Na Bolívia, o poder militar sempre foi exercido com discrição. As forças armadas, corporativas e adaptadas a cada era política, foram e continuam sendo uma ameaça à continuidade democrática. Se a interferência dos EUA ainda é mencionada hoje como um fator desestabilizador, é porque institucionalizou o Plano Condor na década de 1970, esteve por trás do longo período de ditaduras entre 1964 e 1982 e operou contra os governos do MAS liderados por Evo Morales de 2006 a 2019. Seu aluno mais célebre foi o general Hugo Banzer Suárez, treinado na Escola das Américas e ditador do país por quase sete anos, entre 1971 e 1978. Essa sequência inclui a última tentativa fracassada de golpe liderada pelo general Juan José Zúñiga contra o presidente Luis Arce Catacora. É mais um elo. O 39º entre a segunda metade do século XX e até agora no século XXI.

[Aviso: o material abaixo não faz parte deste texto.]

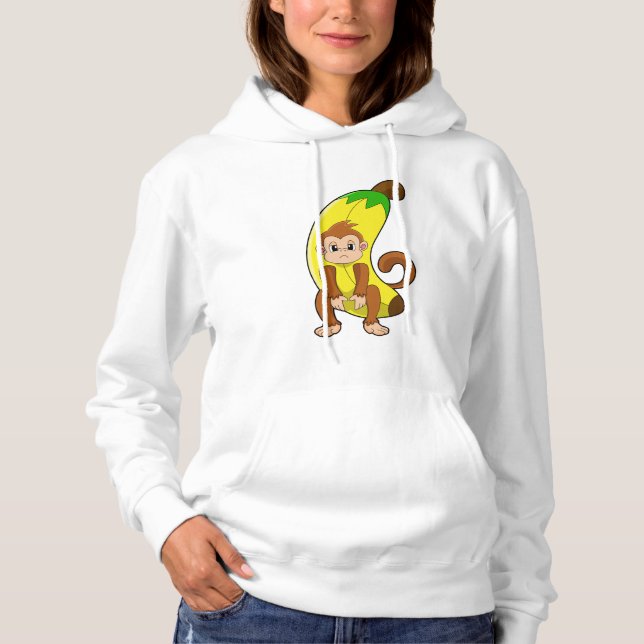 Pull À Capuche Singe à la banane (Devant)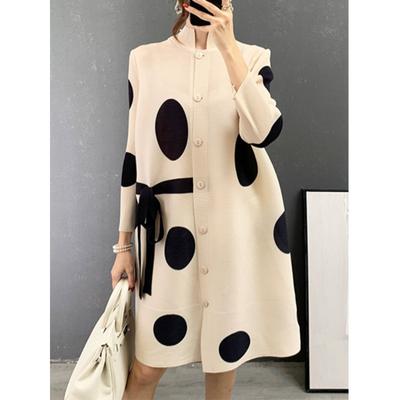 Robe plissée à col montant, simple boutonnage, cordon de serrage, impression de points, vêtements de Festival pour femmes élégantes, automne 2023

Na sexta-feira, o presidente boliviano contribuiu com uma nova informação para a investigação em andamento sobre os eventos de 26 de junho. Ele declarou em um evento no município de Santibáñez, em Cochabamba: “Não se trata apenas de uma conspiração golpista, mas há interesses em tirar nossa democracia e poder, porque eles querem administrar nossos recursos naturais e querem assumir o controle da reserva talvez mais importante do planeta no momento. Vocês sabem que o lítio boliviano é a maior reserva do mundo.”
À medida que a hipótese de um autogolpe apresentada por Evo – vítima em 2019 de oficiais militares que, segundo Arce, são os mesmos que tentaram destituí-lo do governo – perde força, a ideia de um golpe com objetivos econômicos está tomando forma. Essa hipótese, que o presidente subscreve, não é descartada por um de seus maiores críticos. O ex-ministro da Presidência de Morales, Juan Ramón Quintana. Ele tem formação militar, mas também é sociólogo. Para ele, “a Bolívia pode ser o centro da luta pela América Latina, porque expressa ferozmente a disputa geopolítica na região. Pelo lítio, pelos recursos naturais, pela presença da China e da Rússia”.
Outra pista veio do canal boliviano DTV, quando transmitiu declarações do ex-comandante da Força Aérea Boliviana (FAB), Marcelo Zegarra, preso por sua participação no levante militar. Nelas, Zegarra atribuiu a Zúñiga que, em uma reunião anterior ao golpe com outros militares, ele havia dito que eles tinham “o apoio total da embaixada estadunidense, da embaixada da Líbia, da Comunidade Europeia, da polícia boliviana, dos militares e do pessoal aposentado…”, referindo-se aos militares aposentados. Mas a menção à Líbia não é plausível, pois o país nem sequer tem uma embaixada ou consulado registrado no Ministério das Relações Exteriores.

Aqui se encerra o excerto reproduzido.